Over the weekend, I also caught a preview performance of Neil LaBute’s In a Dark, Dark House at Profiles Theatre.  So I decided to be done with Profiles and LaBute after having to sit through with gritted teeth and clenched jaw, the juvenile, horrendously misogynistic, mean-spirited Fat Pig almost two years ago.  Well, I wanted to see the really interesting actor Hans Fleischmann again (who was very memorable in Red Orchid’s Blasted last year) so I thought I’d  break my boycott and sit through another one of Darrell W. Cox’s (the erstwhile Profiles Theater leading man, and Associate Artistic Director) unmodulated (to put it kindly) performance and LaBute’s vicious bile once again.  Well, I was glad I did (despite the fact that even though there were plenty of empty seats at the theater, this burly, hairy Teamster in – I have just fainted and needed to be revived with my copy of the Eric Bana GQ cover- a tank top, decided to sit right beside me…I’m sorry, but Neil LaBute and massive, exposed, hairy armpits in close proximity to your five senses do not mix!!!!).  Since the play is still in previews, I won’t be saying much more about it for now.  Wait for my blogpost soon, but I think Profiles Theater will be back on my radar!
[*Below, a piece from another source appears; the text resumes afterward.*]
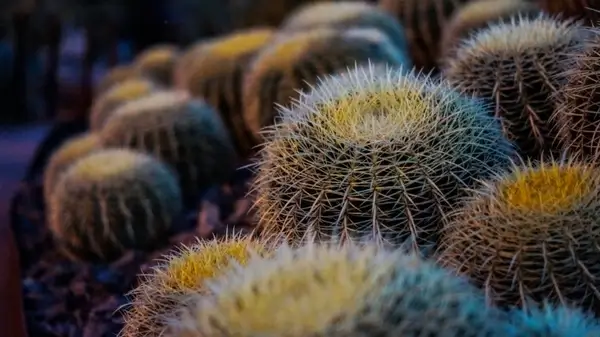 plant macro shrub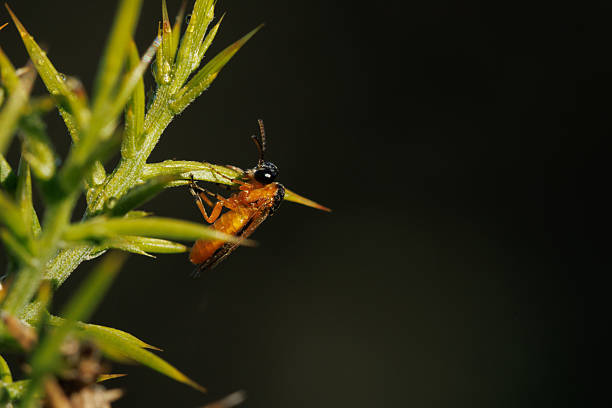 Sawfly perched on a plant with a dark background, Alcoy, Spain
The Trip to Bountiful has been extended until April 13 at the Goodman Theatre, 170 N. Dearborn St.  Get your tickets before the extension sells out again- this is theatrical magic at its finest.  I, on the other hand, will be getting a spare Pashmina shawl to bring with me to future theater outings – I don’t want to risk getting another close (literally, close) encounter with a football-player sized sasquatch of a tank top wearer!